I'd like the entire listing output verbatim, apart from the pictures.

[[ Data shown, beginning ]]

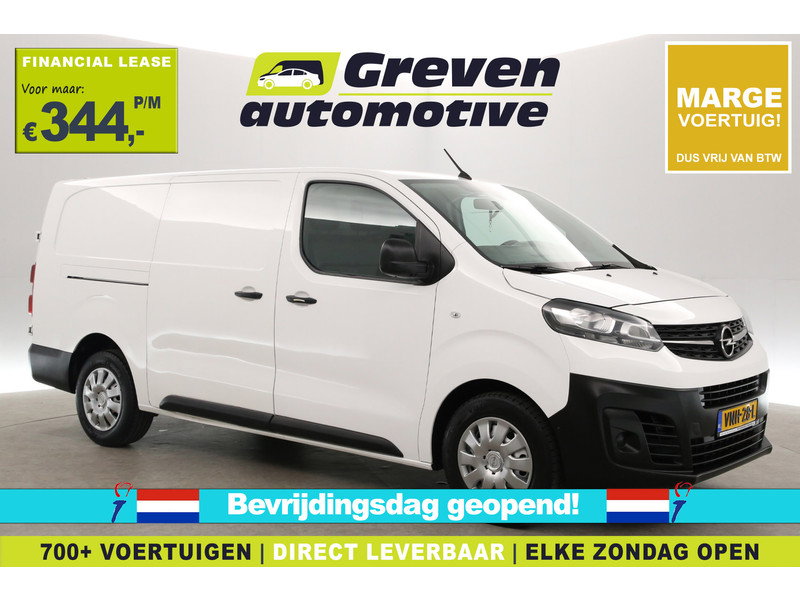 Opel Vivaro 2.0 CDTI L3H1 VNH28L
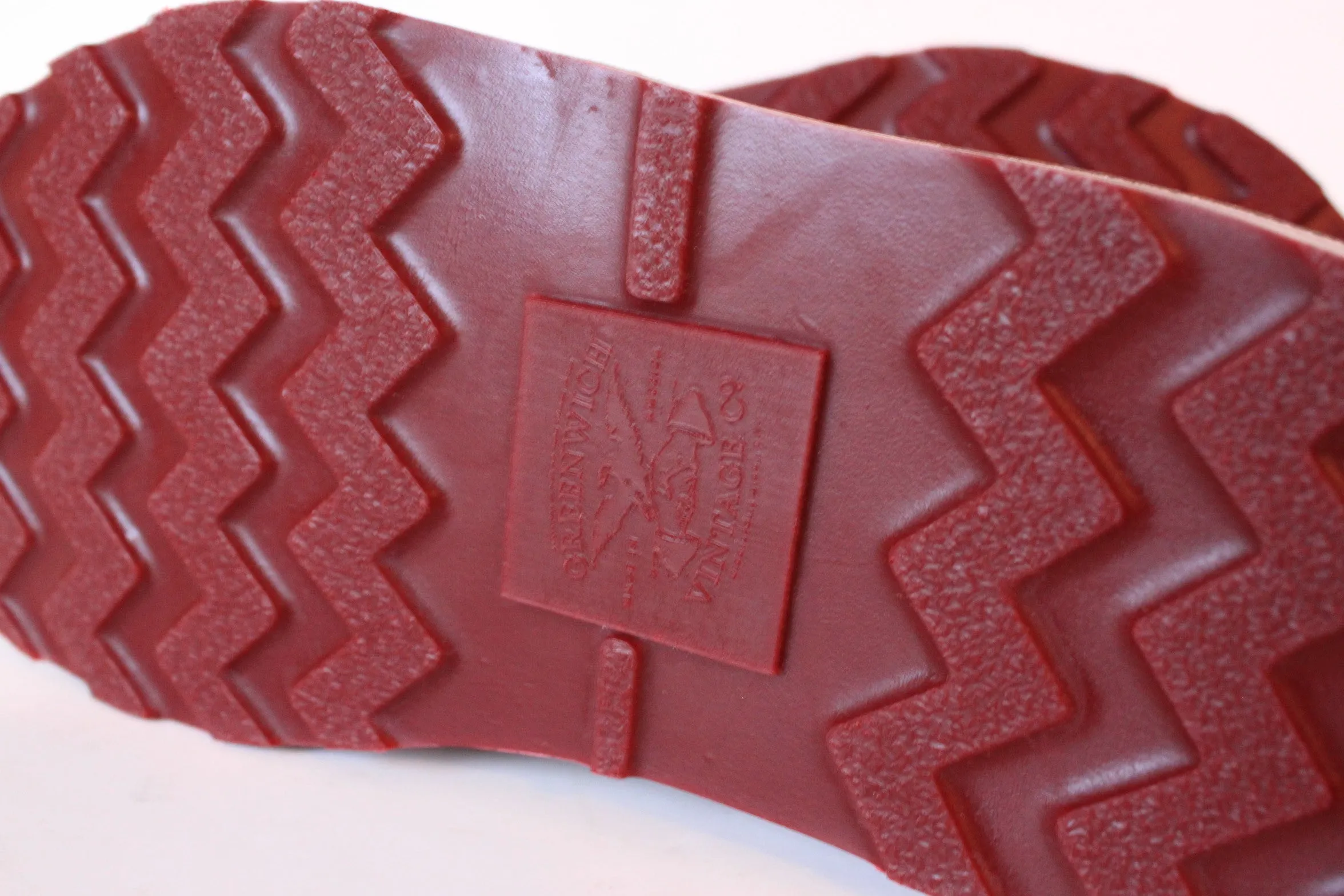 Bricklayer Shoe Resole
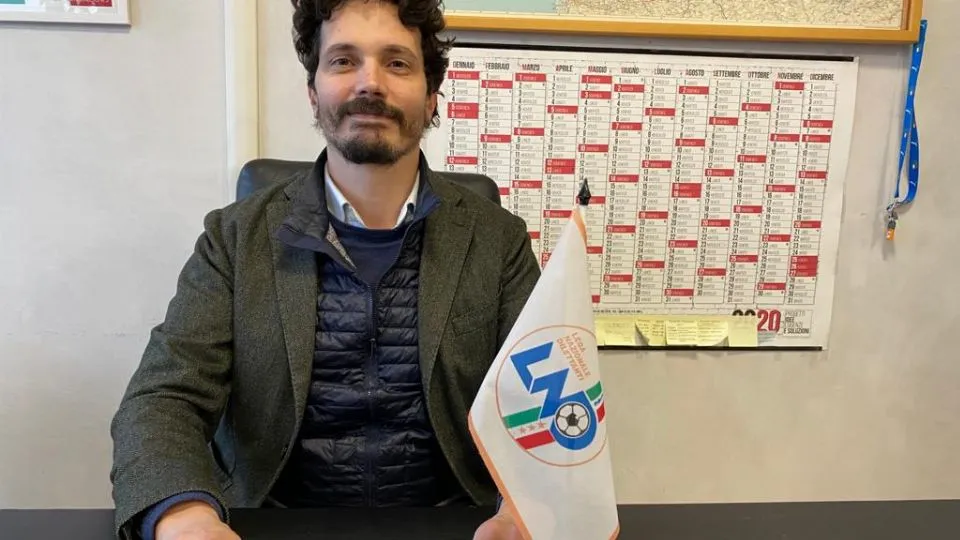 Simone Alberici, nuovo Presidente del CRER
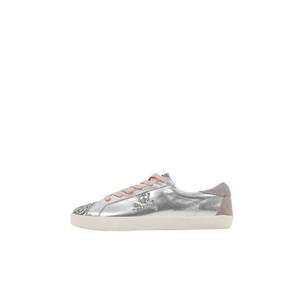 Scalpers Sneaker low 'Lia' argintiu / gri taupe imagine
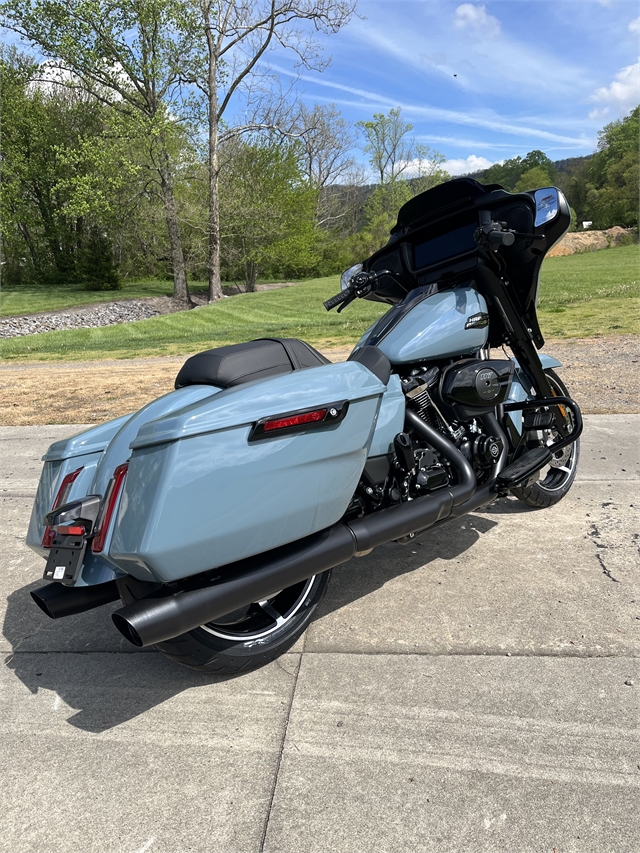 2024 Harley-Davidson Street Glide Base at Harley-Davidson of Asheville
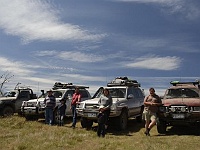 Dec 2015 -  Mt Murray Mayford trip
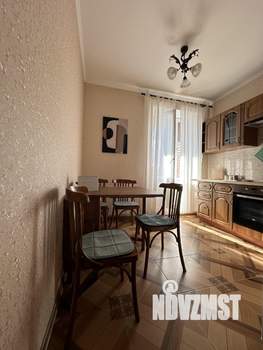 1-к квартира, посуточно, 40м2, 15/17 этаж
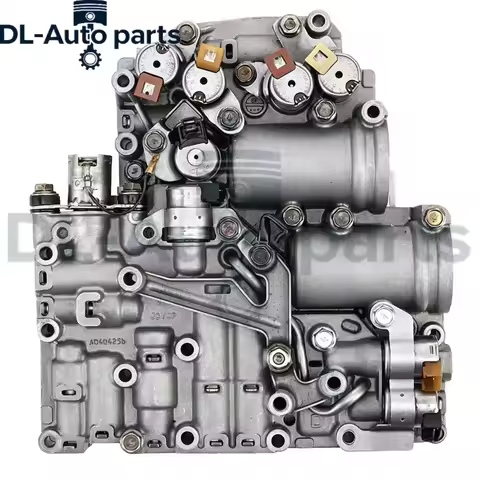 "This premium Transmission Valve Body and Solenoid Assembly (Model: 09A / JF506E / JF506E09A / JF506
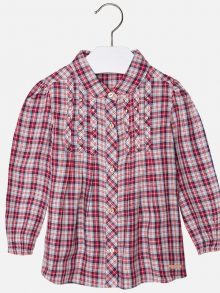 Camisa Niña Mayoral 4124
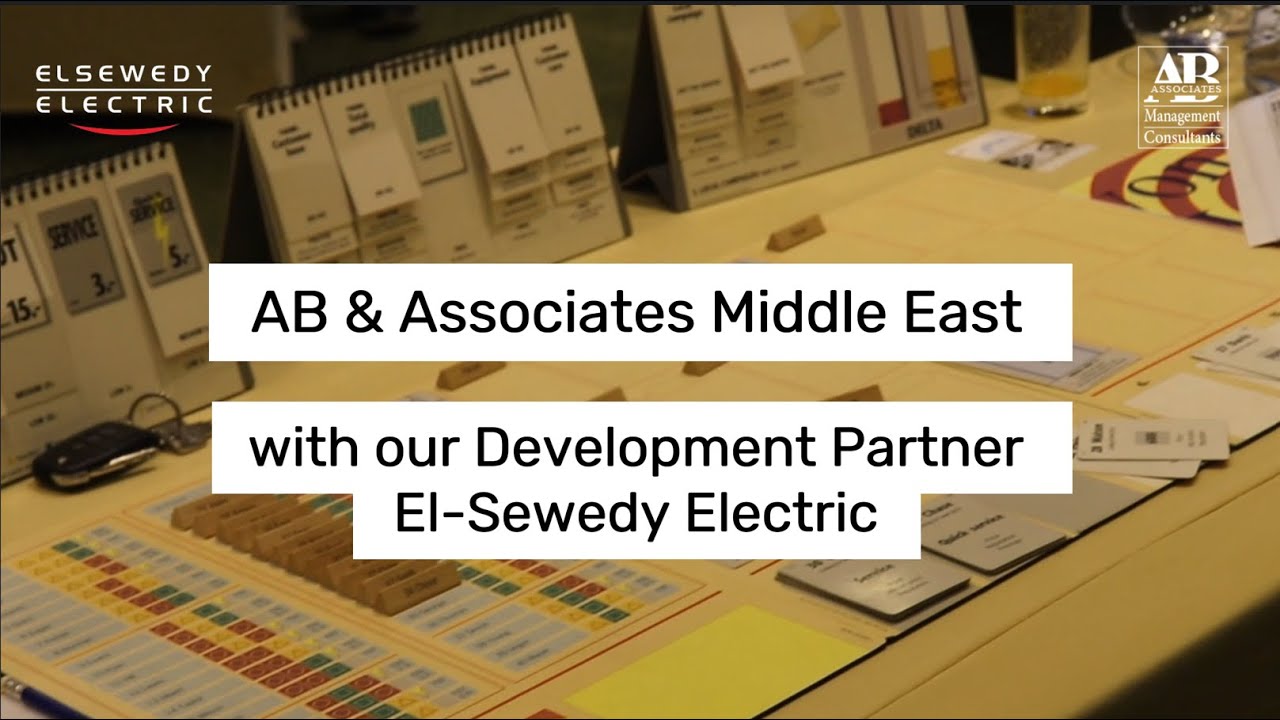 Boost Your Team's Skills with EL-Sewedy Electric Celemi Livon Business Simulation ⚡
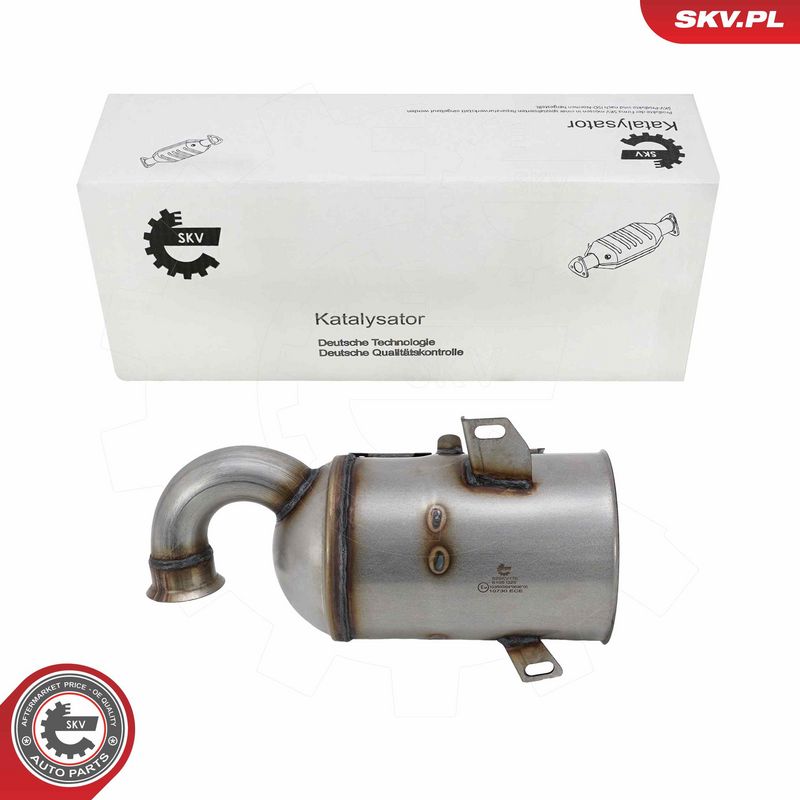 Katalüsaator, ESEN SKV 62SKV176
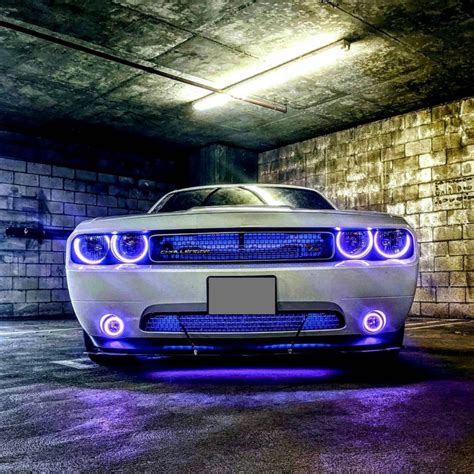 Dodge Challenger Interior Light Kit Cabinets Matttroy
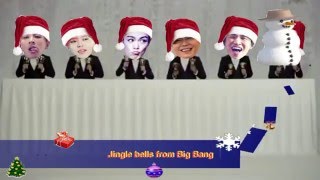 Jingle bells from Big Bang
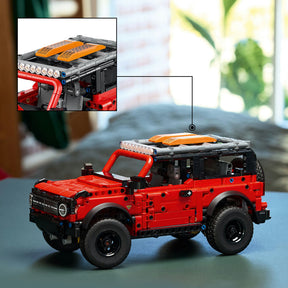 Furgoneta Ford Bronco®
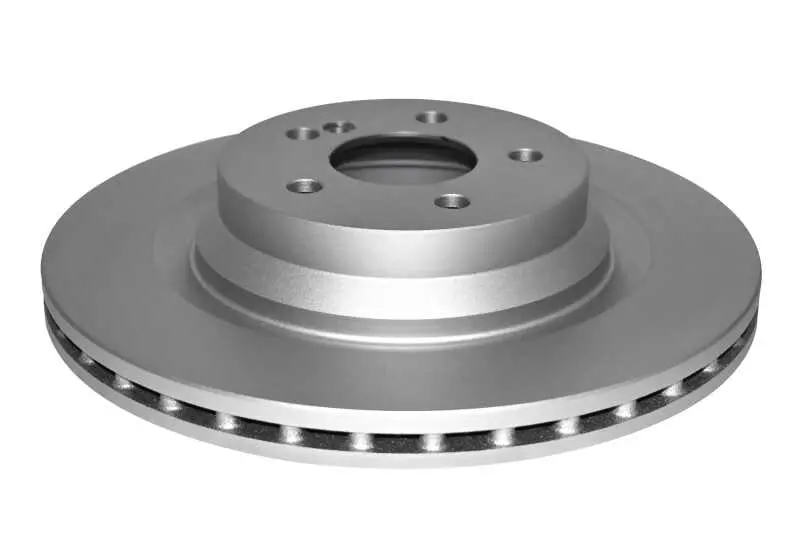 Dba 2006 Mercedes-Benz Cls55 Amg Rear En-Shield Standard Rotor 1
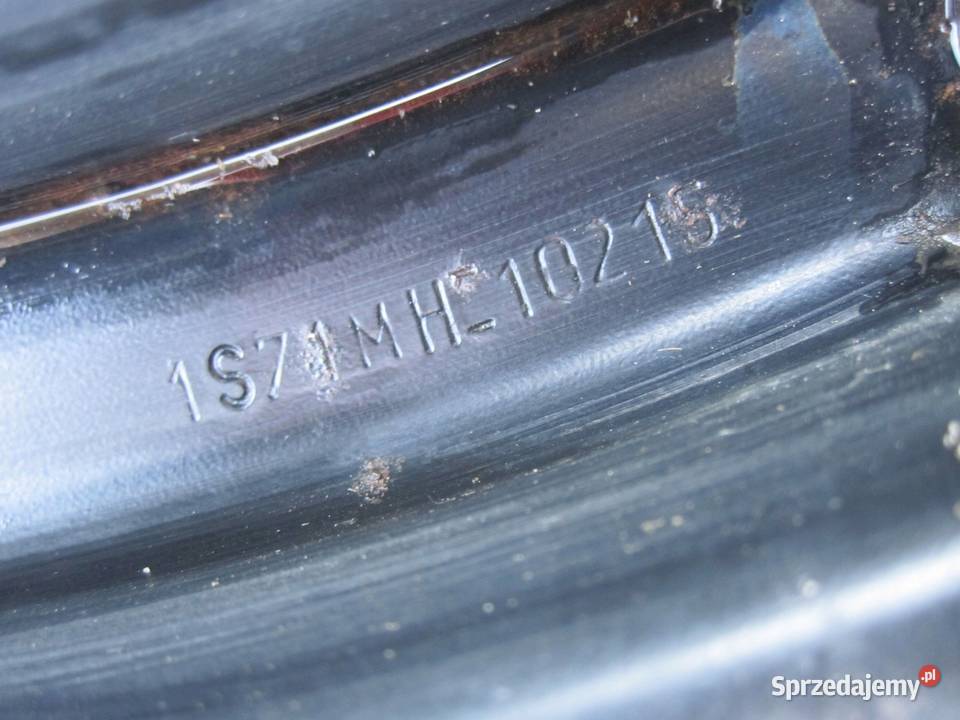 MONDEO MK4 S GALAXY MK3 koło dojazdowe 1258516 Kielce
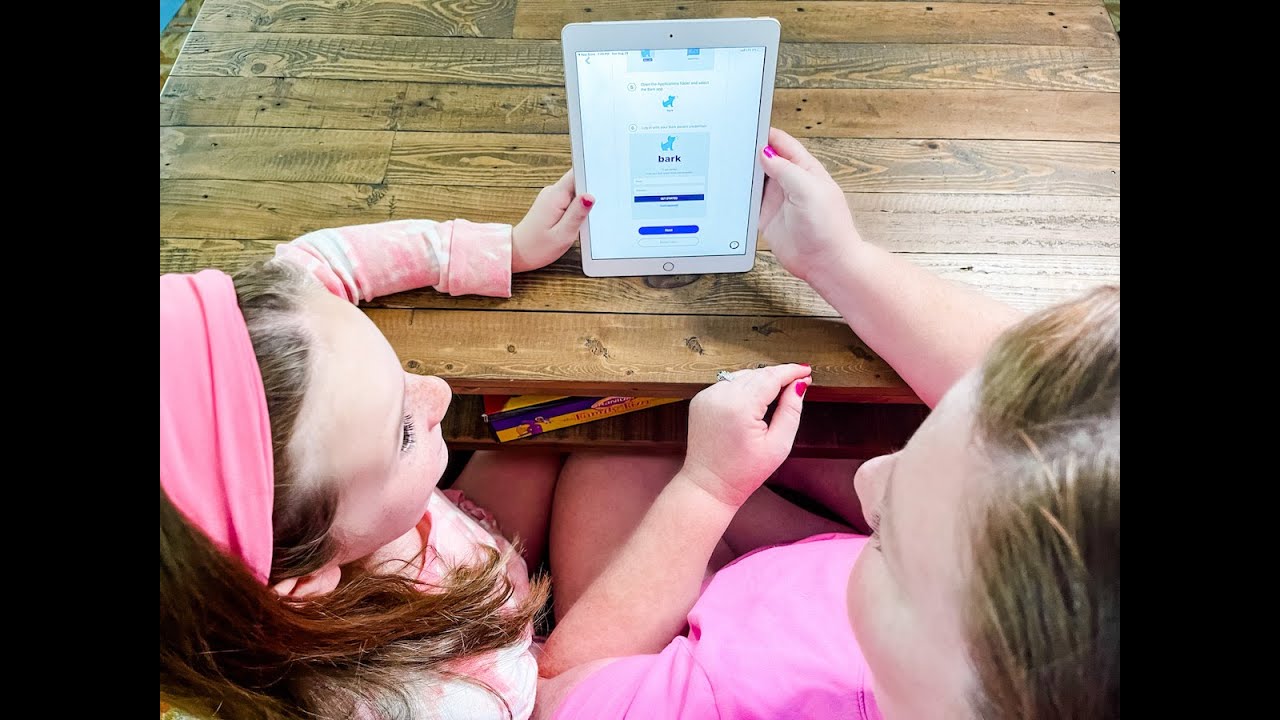 Digital Parenting Tips with Bark Technology's Titania Jordan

[[ Data shown, end ]]

## Your response
 Opel Vivaro 2.0 CDTI L3H1 VNH28L
 Bricklayer Shoe Resole
 Simone Alberici, nuovo Presidente del CRER
 Scalpers Sneaker low 'Lia' argintiu / gri taupe imagine
 2024 Harley-Davidson Street Glide Base at Harley-Davidson of Asheville
 Dec 2015 -  Mt Murray Mayford trip
 1-к квартира, посуточно, 40м2, 15/17 этаж
 "This premium Transmission Valve Body and Solenoid Assembly (Model: 09A / JF506E / JF506E09A / JF506
 Camisa Niña Mayoral 4124
 Boost Your Team's Skills with EL-Sewedy Electric Celemi Livon Business Simulation ⚡
 Katalüsaator, ESEN SKV 62SKV176
 Dodge Challenger Interior Light Kit Cabinets Matttroy
 Jingle bells from Big Bang
 Furgoneta Ford Bronco®
 Dba 2006 Mercedes-Benz Cls55 Amg Rear En-Shield Standard Rotor 1
 MONDEO MK4 S GALAXY MK3 koło dojazdowe 1258516 Kielce
 Digital Parenting Tips with Bark Technology's Titania Jordan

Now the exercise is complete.